Procrastination can be a tough nut to crack, particularly because it can have many different roots. For example, procrastination could stem from a physical cause, including clinical depression, seasonal affective disorder, or a technology-induced mental fog.
Other times, it’s due to an inefficiency in your productivity setup. For example, these bad workplace habits can drain energy and cause you to lose focus, motivation, etc. Same goes for bad workstation setups like a too-low chair or too-bright screen, which can also drain energy.
But if it’s none of those things, then your procrastination might just come down to poor goal management. In this article, you’ll learn all about micro goals and how they can trick your mind into actually being more productive.
Micro Goals vs. Macro Goals
A macro goal, sometimes called a long-term goal, describes where you want to be in the future. What are you working towards? Where is your destination? Why are you doing what you’re doing? Macro goals are about vision, desire, and ambition.
A micro goal, sometimes called a short-term goal, describes the individual steps and objectives that lead you in the direction of a macro goal. Whereas macro goals are focused on the future, micro goals center on what you can do right now.
Micro and macro goals aren’t opposed, by the way.
It’s not that micro goals are better than macro goals, and anyone who tells you that is misguided. Micro goals and macro goals complement one another. They feed into each other. You need both to succeed — macro goals for vision and direction, micro goals for concrete progress.
How Micro Goals Help With Procrastination
You may not realize it, but you already employ micro goals every single day.
Micro Goals Are Like Recipes
Do you cook? I do! When you think about it, creating a full meal from scratch is a huge task and a lot goes into it. Yet even though cooking does feel like a chore sometimes, it never feels daunting or dreadful — at least not in the same way as having to write a thesis paper or open up a programming assignment.
Why is this? It comes down to the “design” of recipes, which encompasses a macro goal (the dish you want to cook) and several micro goals (each of the individual steps). The recipe takes you through step by step from start to finish, and each step is small enough as to feel doable.
When the next instruction is as simple as “Dice the onions,” there’s no reason to procrastinate. It’s so easy, you may as well just get it out of the way. That’s the beauty of micro goals, and thanks to these micro goals, cooking up a plate of pasta is smooth sailing.
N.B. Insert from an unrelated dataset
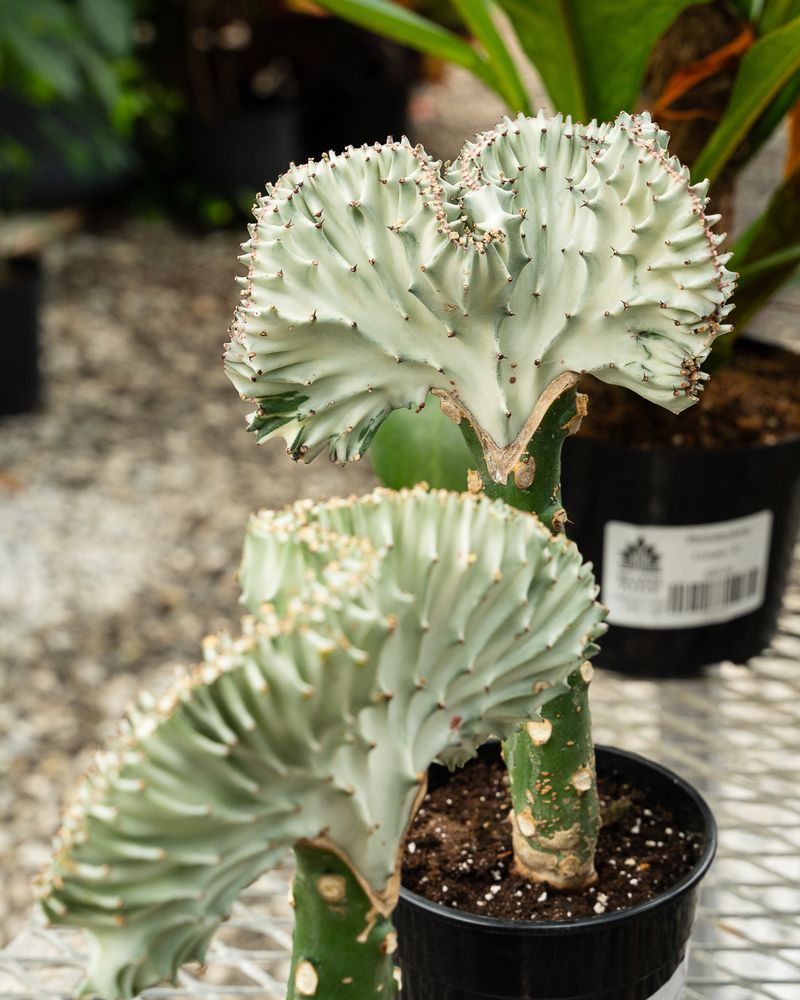 Euphorbia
The entire idea of micro goals is to “take it one step at a time.”
Use the Recipe Method for Work Projects
Suppose you need to write a five-page essay. While that’s nowhere close to writing an entire book, it’s still a lot of work. You could crank it out in a day if you put your mind to it, but who wants to sit hunched in front of a word processor for that long? It’s boring, it’s hard, and you just don’t want to do it… so you procrastinate.
Stop thinking of it as one task. Don’t think of it as “write my five-page essay.” That’s your macro goal. Now you need to break it down into digestible micro goals.
Maybe the first micro goal can be “Come up with a title.” Another micro goal could be “What’s my main point for this paper?” Follow that with “Outline the paper into sections” and then more micro goals for “Outline section 1,” “Outline section 2,” etc. Eventually, your last micro goal might be a recurring one: “Write one paragraph this hour.”
Many Micro Goals Lead You to Your Macro Goal
Whenever possible, break goals into smaller goals. If you have a micro goal that can be broken down even further, do it! Ideally, you’d keep going until it can’t be reduced any further.
When broken down like this, monstrous tasks no longer seem so bad — unless you dwell too much on it. If you keep thinking of it as “I need to write my paper!” then, of course, you’re going to stay overwhelmed. Focus on the micro goals only. One step at a time.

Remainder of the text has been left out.